Pour une jeune femme, ne pas vouloir d’enfants, le dire haut et fort et passer à l’étape de la stérilisation médicale, c’est un énorme tabou. Bonjour les regards remplis de jugement, trois fois plutôt qu’une.

Juste le mot qui décrit une femme n’ayant jamais accouché est affreusement laid : nullipare. Dans la troisième et ultime saison de l’excellente et pertinente série Fourchette, offerte mercredi sur le volet gratuit de Tou.TV, l’auteure et comédienne Sarah-Maude Beauchesne attaque ce sujet délicat de front, sans faux-fuyant.

Le personnage qu’elle interprète, soit l’écrivaine Sarah Milot, une version romancée d’elle-même, subit une ligature tubaire. À 30 ans. Une décision mûrie et assumée.

« Je ne veux pas d’enfants. Mon corps est épuisé. Il a envie de se sentir en sécurité, d’arrêter de se battre contre la nature, d’être libre de servir à autre chose, à toutes les autres choses. Je ne veux pas d’enfants parce que je ne veux pas d’enfants. C’est comme ça. Je suis comme ça. Pis je ne changerai pas d’idée quand je vais retomber en amour », explique Sarah Milot, couchée sur la table d’opération.

Voilà l’essence de Fourchette, une série moderne à la Fleabag qui s’adresse à une génération que la télé traditionnelle boude : les vingtenaires et les jeunes trentenaires. C’est à la fois drôle et poignant, triste et rempli d’espoir, attendrissant et confrontant.

Et ça s’enfile comme un shooter. Sarah-Maude Beauchesne compresse ses histoires dans huit courts épisodes de 12 minutes, bercés par la musique de Daniel Bélanger et de Marie-Jo Thério. On en prendrait volontiers des versions allongées en demi-heures.

Fourchette, c’est le surnom de Sarah Milot, l’alter ego de Sarah-Maude Beauchesne, une jeune professionnelle élancée et piquante comme l’ustensile de cuisine. Sarah a traversé une relation aussi passionnée que toxique avec le barman Sam (Guillaume Laurin). Elle a fréquenté l’homme marié Noah (Jean-Moïse Martin) et explore maintenant le large spectre de sa sexualité dans ce troisième chapitre.
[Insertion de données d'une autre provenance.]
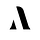 Aventine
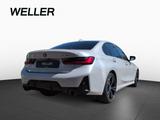 BMW 330e Limo M SPORT LiveProf St+Go HiFi RFK Memory - BMW 330: 330e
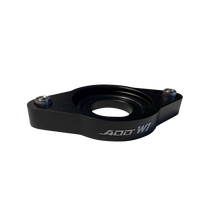 ADD W1 Blow Off Valve adapter for Mazdaspeed 3 / 6 / CX7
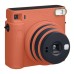 Камера миттєвого друку Fujifilm INSTAX SQ1 TERRACOTTA ORANGE (16672130)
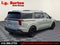 2025 Kia Carnival MPV SX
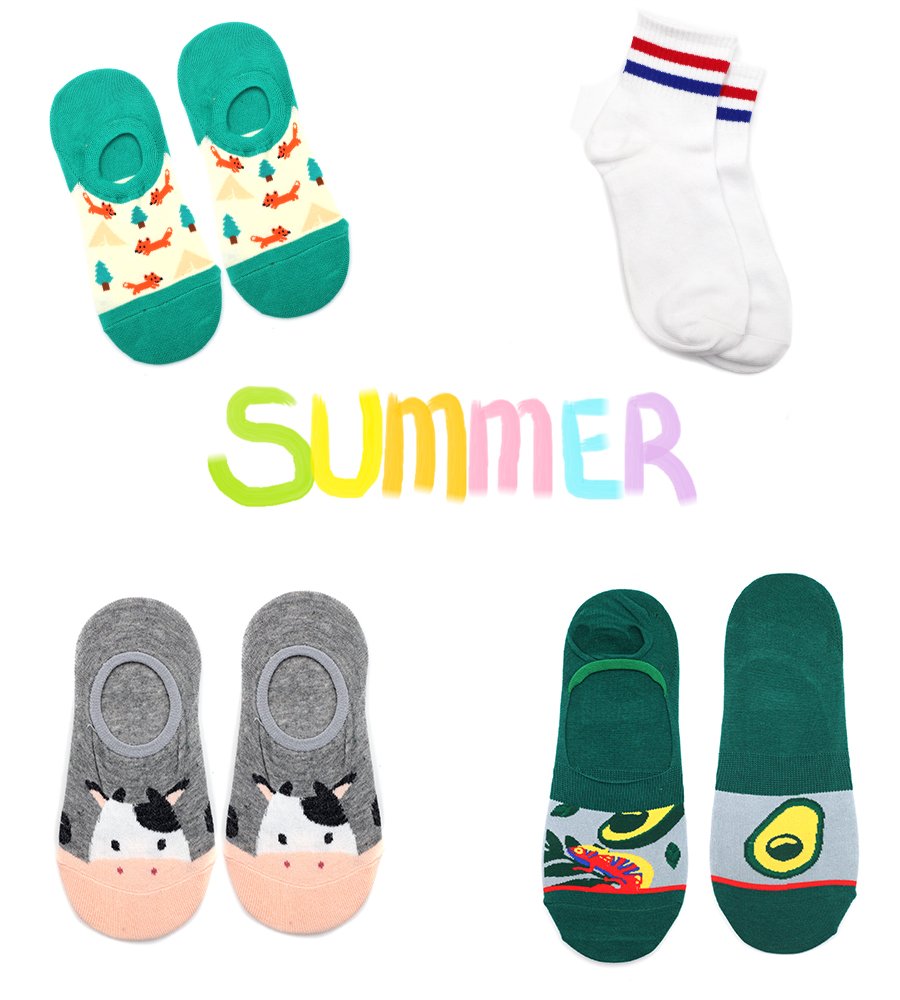 ������, �������� ���������� �  ������� ����� ��� ���� �����. �����, ����� � ����� 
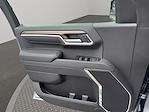New 2026 Chevrolet Silverado 1500 LT Double Cab for sale #C50811 - photo 27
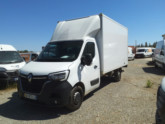 Photo car #7644238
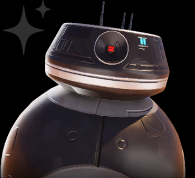droidex-fortnite-droid-tycoon-tracker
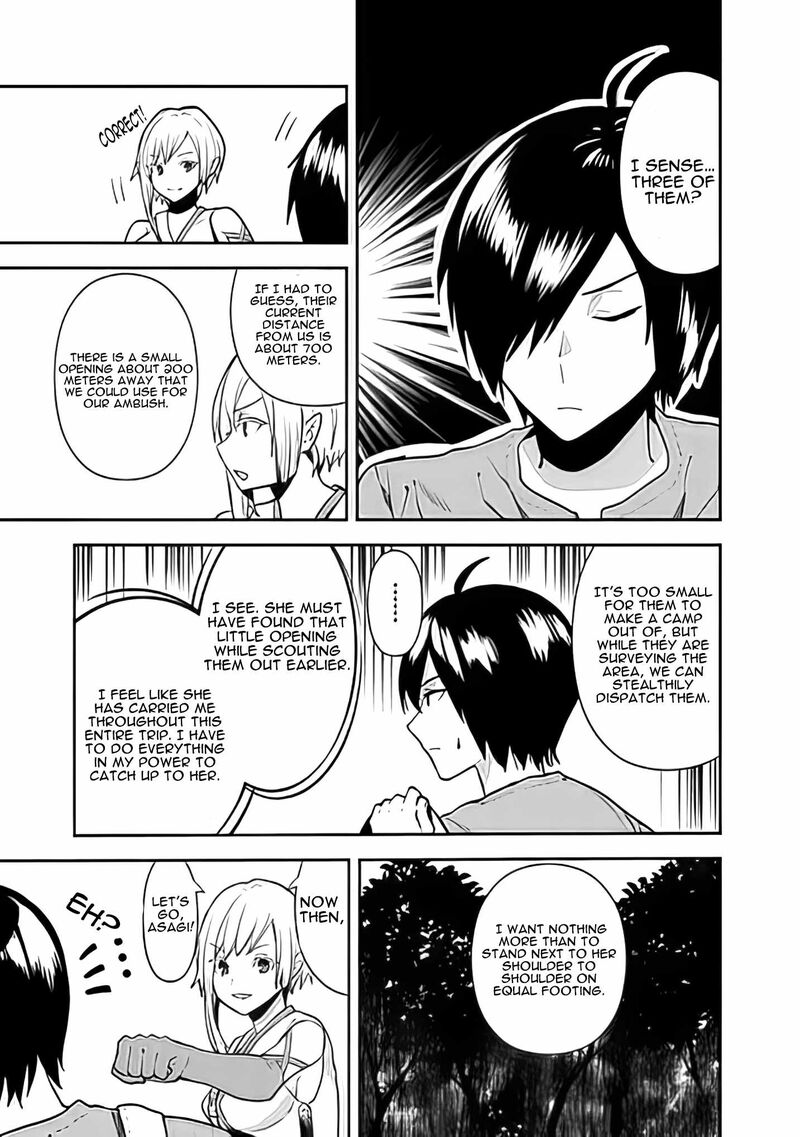 isekai_ni_kita_boku_wa_kiyoubinbou_de_subayasa_tayori_na_tabi_o_suru_13_20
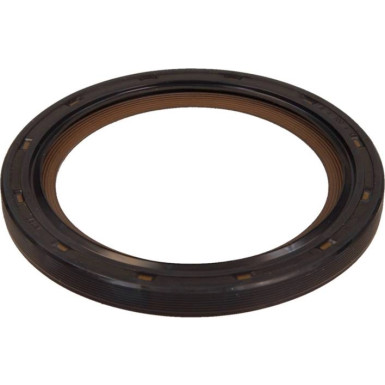 20032405B Wellendichtring, Kurbelwelle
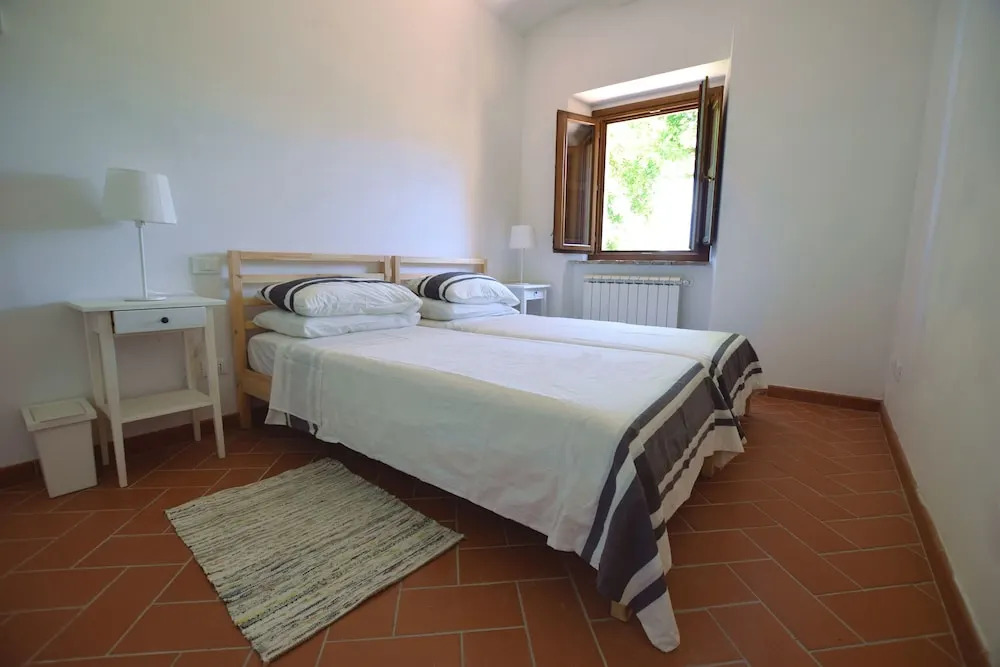 Borgo Gatteraia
Sam lui joue encore dans la tête. Mais en parallèle, Sarah croise le regard de la maquilleuse Claire (Camille Léonard) dans la loge du talk-show estival Soleil, nuage, où elle dépouille un courrier du cœur. Et son petit cœur s’emballe.
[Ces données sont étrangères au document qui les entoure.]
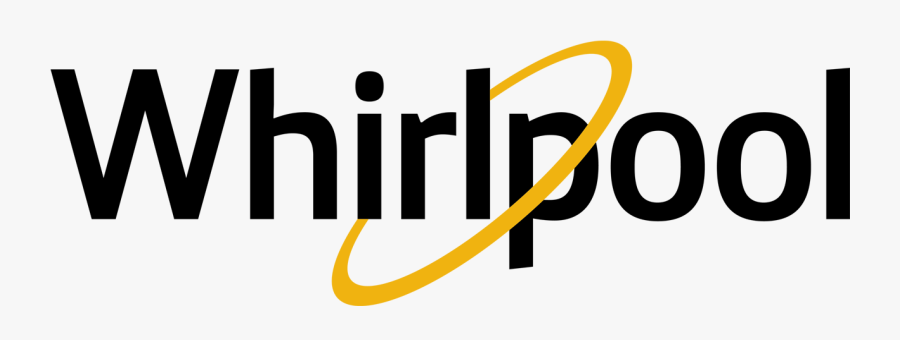 Whirlpool Philippines"
 Width="148 - New Whirlpool, Transparent Clipart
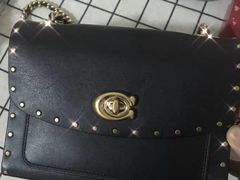 -COACH蔻驰(太古汇店)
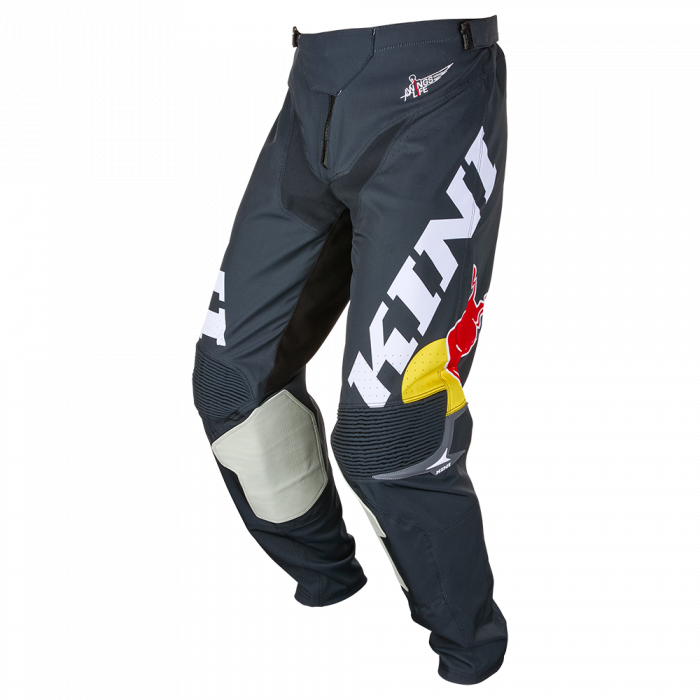 Pantaloni Kini Red Bull MXC [1]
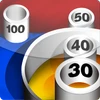 Roller Ball Mod Apk 2.6.9 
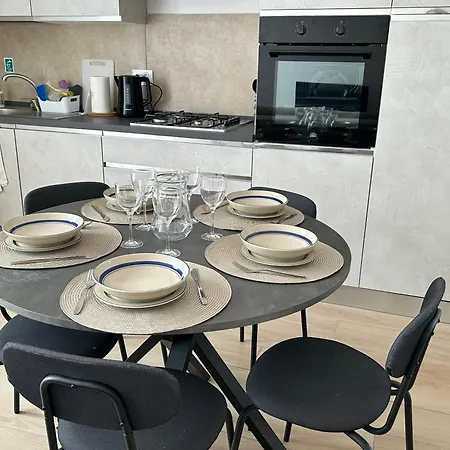 Borromini Como-cernobbio *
PHOTO FOURNIE PAR RADIO-CANADA

Camille Léonard (Claire) et Sarah-Maude Beauchesne (Sarah Milot) dans Fourchette 3

Au fil des épisodes de Fourchette, Sarah-Maude lève le voile sur des discussions qui résonnent plus souvent dans des soupers d’amis qu’à la télévision généraliste. La pharmacienne qui juge une cliente qui a pris trois fois la pilule du lendemain dans la même année, les hommes qui demandent rarement aux femmes ce qui leur plaît au lit ou les critères de beauté d’une vulve, notre milléniale préférée s’exprime toujours sans filtre. L’incident du mamelon visible sur le plateau de Soleil, nuage est aussi super rigolo.

Le grand thème de Fourchette 3 demeure la maternité ou plutôt la non-maternité volontaire. La ligature des trompes de Sarah la plongera dans une crise existentielle.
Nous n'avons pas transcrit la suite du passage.